## Assignment:
Here is a listing, set out below; repeat its lines from the one with "Women Who Run" to the last, both included, and leave out the pictures.

-------- Data to examine --------

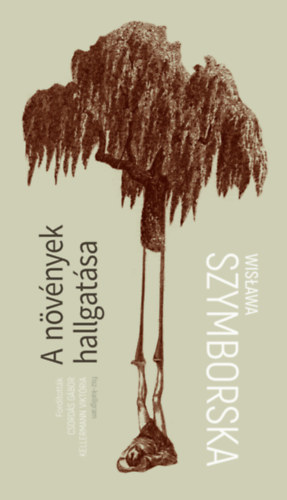 Szymborska, Wislawa: A növények hallgatása könyv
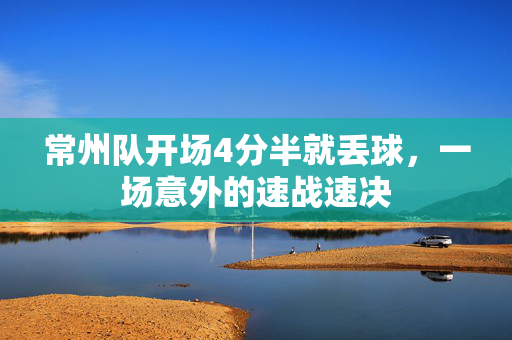 常州队开场4分半就丢球，一场意外的速战速决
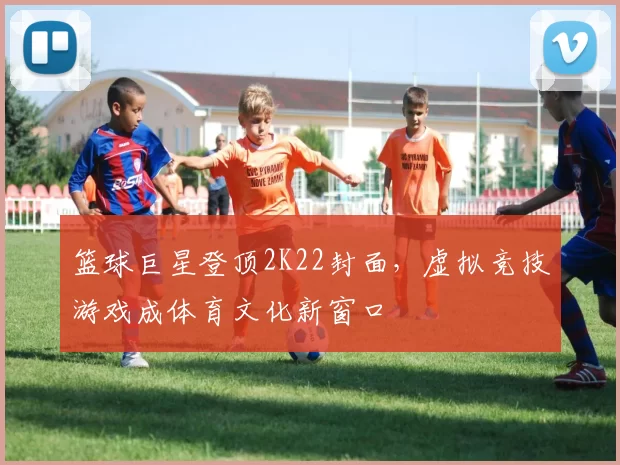 篮球巨星登顶2K22封面，虚拟竞技游戏成体育文化新窗口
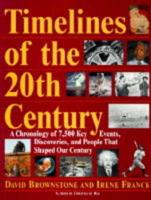 Timelines of the 20th Century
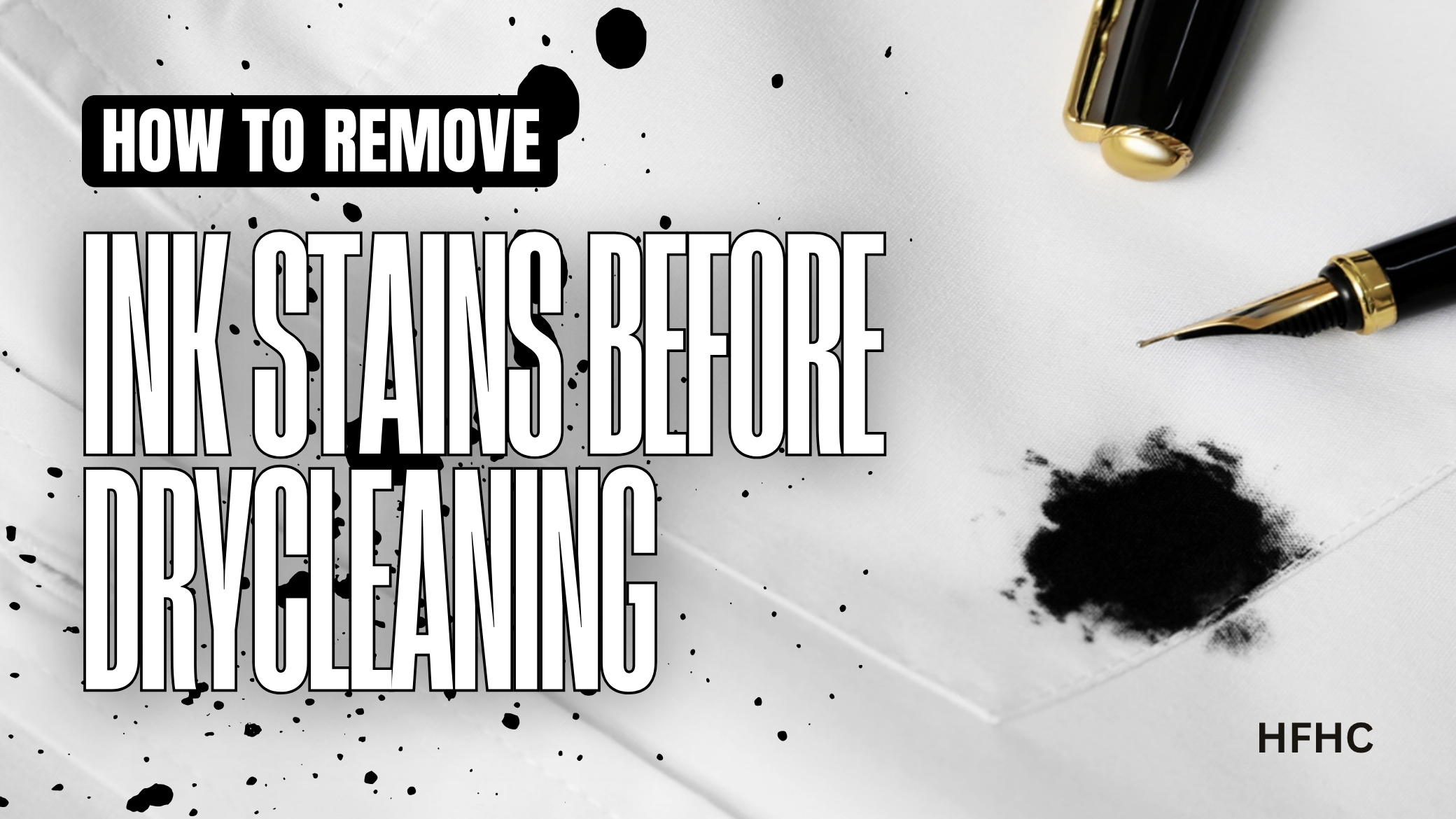 How to Remove Ink Stains before Drycleaning (HFHC)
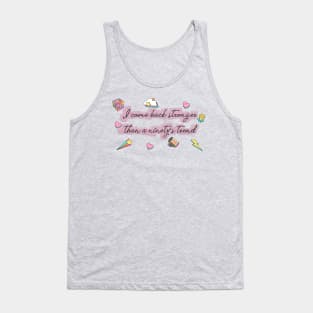 I come back stronger than a ninety's trend Tank Top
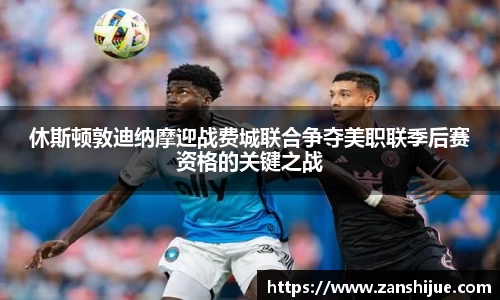 休斯顿敦迪纳摩迎战费城联合争夺美职联季后赛资格的关键之战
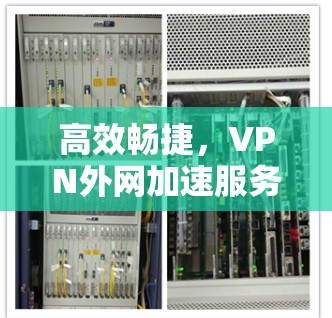 高效畅捷,VPN外网加速服务的企业网络性能优化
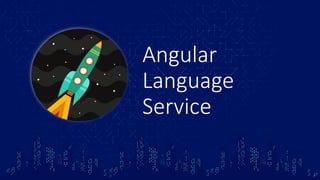 Angular
Language
Service
17
 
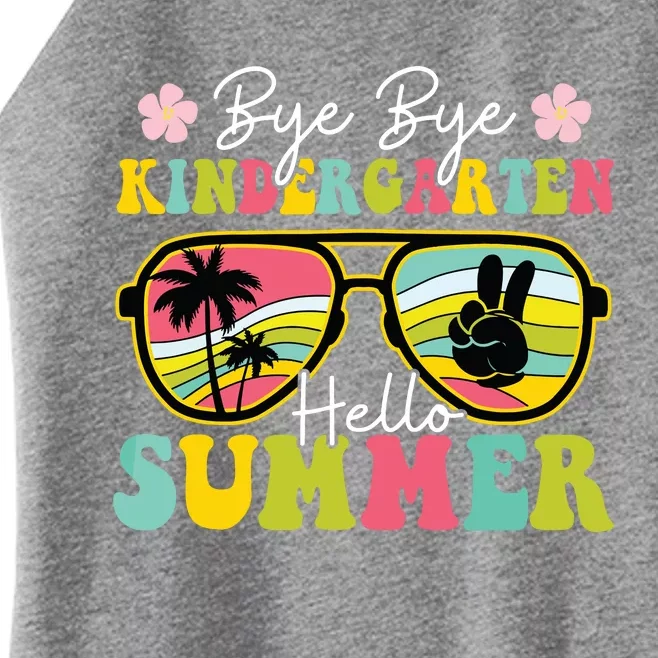 Last Day Of School Bye Kindergarten Hello Summer Sunglasses Women’s Perfect Tri Rocker Tank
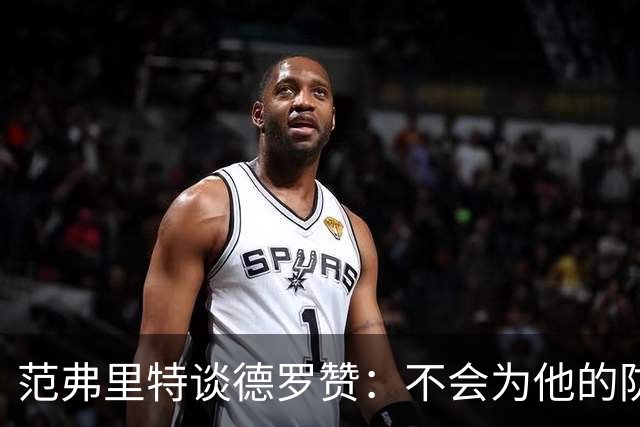 范弗里特谈德罗赞：不会为他的防守辩解 但联盟里也没谁能防住他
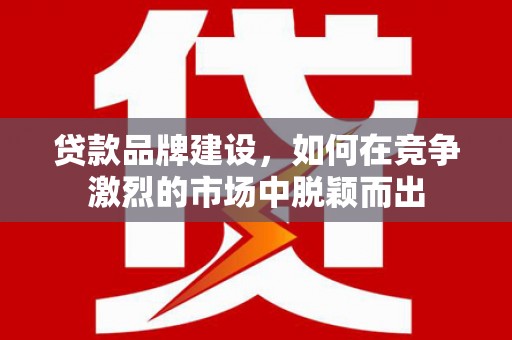 濉溪贷款品牌建设，如何在竞争激烈的市场中脱颖而出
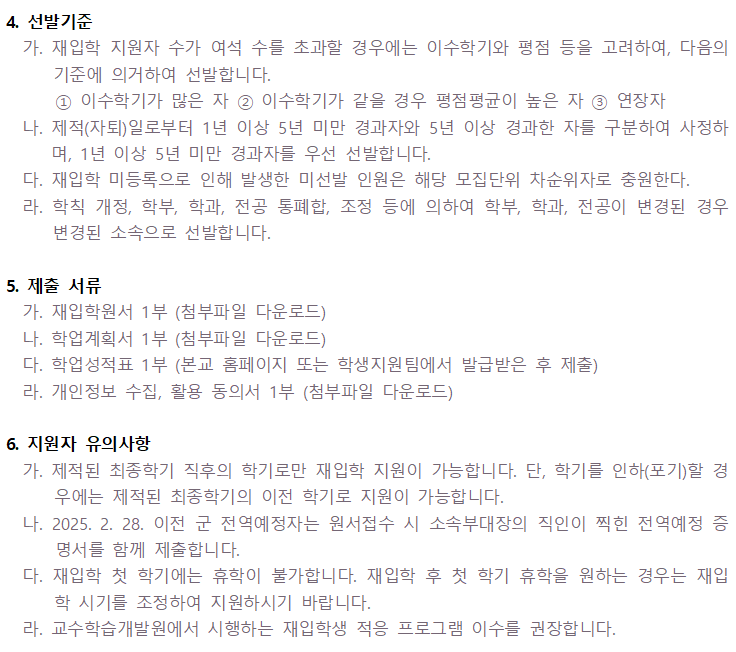 4. 선발기준 가. 재입학 지원자 수가 여석 수를 초과할 경우에는 이수학기와 평점 등을 고려하여, 다음의기준에 의거하여 선발합니다.1 이수학기가 많은 자 2 이수학기가 같을 경우 평점평균이 높은 자 3 연장자 나. 제적(자퇴)일로부터 1년 이상 5년 미만 경과자와 5년 이상 경과한 자를 구분하여 사정하 며, 1년 이상 5년 미만 경과자를 우선 선발합니다. 다. 재입학 미등록으로 인해 발생한 미선발 인원은 해당 모집단위 차순위자로 충원한다. 라. 학칙 개정, 학부, 학과, 전공 통폐합, 조정 등에 의하여 학부, 학과, 전공이 변경된 경우 변경된 소속으로 선발합니다. 5. 제출 서류 가. 재입학원서 1부 (첨부파일 다운로드) 나. 학업계획서 1부 (첨부파일 다운로드) 다. 학업성적표 1부 (본교 홈페이지 또는 학생지원팀에서 발급받은 후 제출) 라. 개인정보 수집, 활용 동의서 1부 (첨부파일 다운로드) 6. 지원자 유의사항 가. 제적된 최종학기 직후의 학기로만 재입학 지원이 가능합니다. 단, 학기를 인하(포기)할 경 우에는 제적된 최종학기의 이전 학기로 지원이 가능합니다. 나. 2025. 2. 28. 이전 군 전역예정자는 원서접수 시 소속부대장의 직인이 찍힌 전역예정 증 명서를 함께 제출합니다. 다. 재입학 첫 학기에는 휴학이 불가합니다. 재입학 후 첫 학기 휴학을 원하는 경우는 재입 학 시기를 조정하여 지원하시기 바랍니다. 라. 교수학습개발원에서 시행하는 재입학생 적응 프로그램 이수를 권장합니다.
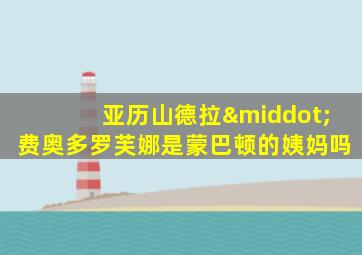 亚历山德拉·费奥多罗芙娜是蒙巴顿的姨妈吗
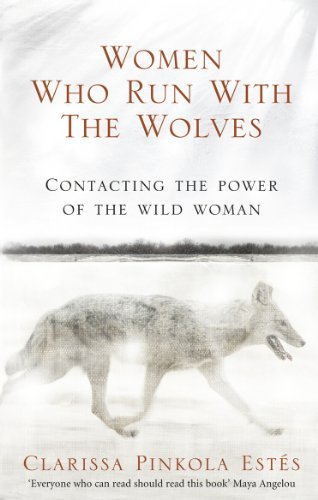Women Who Run With The Wolves: Contacting the Power of the Wild Woman (Classic Edition) by Estes, Clarissa Pinkola (2008) Paperback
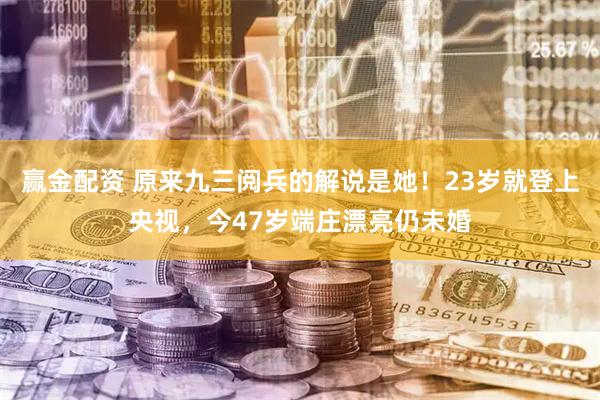 赢金配资 原来九三阅兵的解说是她！23岁就登上央视，今47岁端庄漂亮仍未婚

--------

## Answer below:
Women Who Run With The Wolves: Contacting the Power of the Wild Woman (Classic Edition) by Estes, Clarissa Pinkola (2008) Paperback
 赢金配资 原来九三阅兵的解说是她！23岁就登上央视，今47岁端庄漂亮仍未婚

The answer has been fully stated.